Review: Sudden Death (1995)

Sudden Death sees Jean-Claude Van Damme enjoy leading man status on the big screen for one of the last times, in this generic, action-packed outing.

A review of Sudden Death

Before his self-mocking Coors beer commercials and a plethora of straight-to-DVD movies, it’s hard to believe Jean-Claude Van Damme was once an action superstar. One of his last films to be released on the big screen was Sudden Death, an all-action, all-violent hostage/terrorist flick, set during an ice-hockey final. Die Hard on Ice would have been a more appropriate title.

It follows the usual pattern of an average-joe-saves-the-day scenario – this time in the form of a retired firefighter, Darren McCord (Van Damme, having the usual all-American name but with a heavy foreign accent). He is now a fire marshal for an arena hosting an ice hockey final and he decides to bring his two kids along, leaving them unattended to watch the game while he works – undoubtedly a big mistake.
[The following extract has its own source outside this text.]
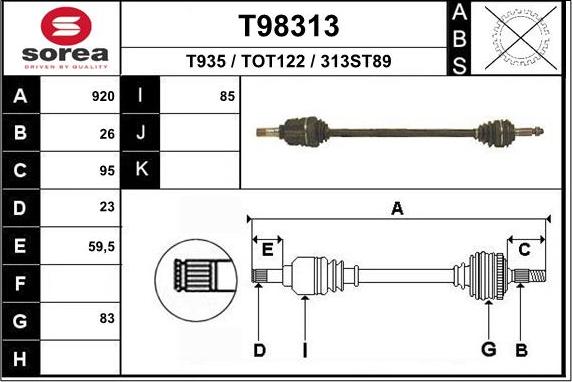 EAI T98313 - Pogonska osovina www.molydon.hr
Meanwhile, a disgruntled former US government employee holds the vice-president and other VIP’s hostage in a luxury suite, demanding lots of money. If not, he will kill a hostage after every period of the game, finally blowing up the whole arena when the game ends. Including himself. The FBI somehow manages to keep this under wraps from the spectators and the press, even though cars and helicopters are being blown up right outside in the car park by a bad guy with a bazooka. Yes, it really is that stupid.

However, this is strangely watchable stupid. Maybe because of nostalgia but this is alluringly enjoyable. It’s almost like a parody version of Die Hard. Highlights include Van Damme beating up a woman in a fully-suited penguin mascot outfit and killing another baddie with a chicken wing through the throat. All the cliché things happen (kidnapped child, inept baddies, a double-cross) and there are a quite a few graphic deaths which adds to the appeal. Powers Boothe makes a decent villain and appears to enjoy hamming up the Hans Gruber role, while Van Damme is the usual poor man’s Arnie when it comes to one-liners.

It’s a throwback to the 80s, when a one man action hero was a thing of the norm; Arnie, Sly, Bruce, Seagal etc. Unfortunately this came at the tail-end of the genre, which is shame as this ranks up there with Time Cop and Universal Soldier as one of JCVD’s better films. It’s now consigned to late night showings on ITV4 and to be honest, that’s probably where it belongs.